Acurrucada en mi cama.

Sus hombros se sacudían mientras lloraba sobre mi almohada.

El rímel le manchaba las mejillas y su pelo era un completo desastre.

Ella era un completo desastre.

Era la primera vez que la veía desde el incidente del secuestro.

Esperaba que las lágrimas que derramaba no fueran por eso.

—Evelyn…, ¿qué te pasa?

—pregunté, fingiendo preocupación.

No me respondió; en lugar de eso, levantó la cara y, con dedos temblorosos, se señaló la mejilla.

La marca era evidente; estaba roja y era reciente.

Fruncí el ceño.

—¿Qué te ha pasado?

—Solo intentaba ayudarla, Liam —dijo—.

Solo intentaba ayudar a esa zorra.

—¿Quién?

—Elizabeth.

Fui a verla al hospital.

Empezó a toser muy fuerte y pidió agua.

Ni siquiera lo pensé dos veces, corrí a buscarla.

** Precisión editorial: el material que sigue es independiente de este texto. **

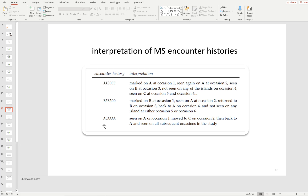Let's run through the interpretation of the first encounter history: A, A, B, 0, C, C. You're marked at occasion 1 in state A. You're seen again in state A at occasion 2. You see them in state B at occasion 3. You don't see them at all at occasion 4 — the states here are islands, so you don't see them on any island. You see them on island C at occasion 5, and island C again at occasion 6. The challenge we always face is how to interpret the zero — we know it means they were alive and not detected, and we're assuming the animal is alive and is either on island A, B, or C, but we don't know which one.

Cuando volví, se había tirado al suelo y había empezado a llorar, haciendo parecer que la estaba ignorando cuando Padre entró.

Sus ojos ardían de rabia mientras nuevas lágrimas se derramaban.

—¿Sabes lo que hizo?

Ni siquiera preguntó qué había pasado.

La vio en el suelo e inmediatamente pensó lo peor.

Él… él me pegó por ella.

—Señaló con amargura su mejilla hinchada—.

Por esa mujer.

Escupió las palabras con tanto rencor y amargura que me sorprendió.

—Esa zorra falsa.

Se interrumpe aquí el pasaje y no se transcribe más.